La casa descansaba en un ángulo inverosímil. Si llegabas por el camino de grava ibas a parar a una esquina del edificio, y no estaba claro qué lado era la fachada. Parecía como si la casa supiera que debía recibir a sus visitantes de cara, pero en el último momento no pudiera reprimir el impulso de darse la vuelta y mirar hacia el parque de ciervos y los bosques que se extendían más allá de los bancales. El visitante no era recibido por una cálida sonrisa, sino por una espalda fría.

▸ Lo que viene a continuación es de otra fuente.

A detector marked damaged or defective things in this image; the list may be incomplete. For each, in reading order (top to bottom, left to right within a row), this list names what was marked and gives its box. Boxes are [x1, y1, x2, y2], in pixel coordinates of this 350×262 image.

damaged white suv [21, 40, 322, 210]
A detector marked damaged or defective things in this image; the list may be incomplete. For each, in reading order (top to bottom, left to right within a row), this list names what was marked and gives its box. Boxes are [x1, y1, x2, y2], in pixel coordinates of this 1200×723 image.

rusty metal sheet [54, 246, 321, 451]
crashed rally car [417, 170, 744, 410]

Los demás detalles de su aspecto externo solo hacían que aumentar esa sensación de inverosimilitud. La planta era asimétrica. Tres grandes salientes, de cuatro plantas de altura cada uno, sobresalían del cuerpo principal, y sus doce ventanas anchas y altas eran el único toque de orden y armonía que ofrecía la fachada. En el resto de la casa las ventanas estaban repartidas sin orden ni concierto, no había dos iguales, ninguna coincidía con su vecina de arriba o de abajo, de la derecha o de la izquierda. Por encima de la tercera planta una balaustrada trataba de envolver la dispar arquitectura en un único abrazo, pero aquí y allá una piedra prominente, un saliente o una ventana absurda echaban por tierra su esfuerzo, así que la balaustrada desaparecía para arrancar de nuevo en el otro lado del obstáculo. Por encima de ella se elevaba un horizonte irregular de torres, atalayas y chimeneas de color miel.

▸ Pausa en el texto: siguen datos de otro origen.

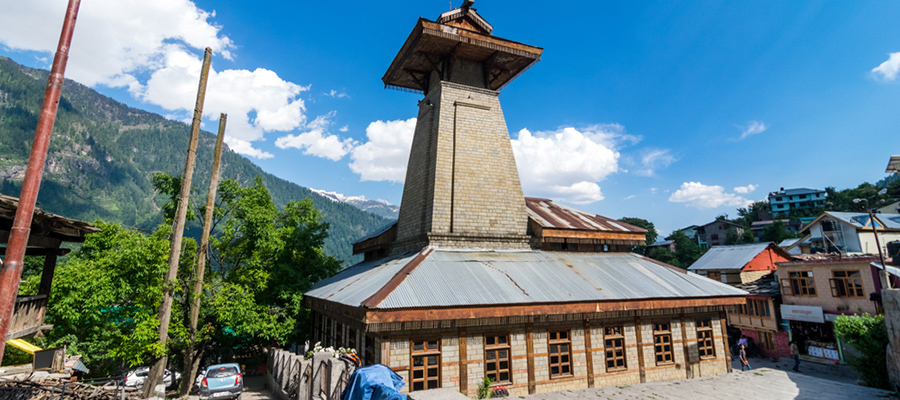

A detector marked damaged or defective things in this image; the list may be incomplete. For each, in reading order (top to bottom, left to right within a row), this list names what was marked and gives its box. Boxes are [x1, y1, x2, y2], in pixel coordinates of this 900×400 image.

rusty roof section [0, 193, 100, 242]
rusty roof section [528, 197, 648, 234]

¿Una casa en ruinas? La mayor parte de la piedra dorada tenía un aspecto tan limpio y fresco que parecía recién salida de la cantera. Lógicamente, la intrincada sillería de las atalayas estaba algo desgastada y la balaustrada se estaba desmoronando en algunas partes, pero no podía decirse que el estado de la casa fuera ruinoso. Al verla con el cielo azul de fondo, los pájaros sobrevolando las torres y rodeada de hierba verde, no me costó nada imaginármela habitada.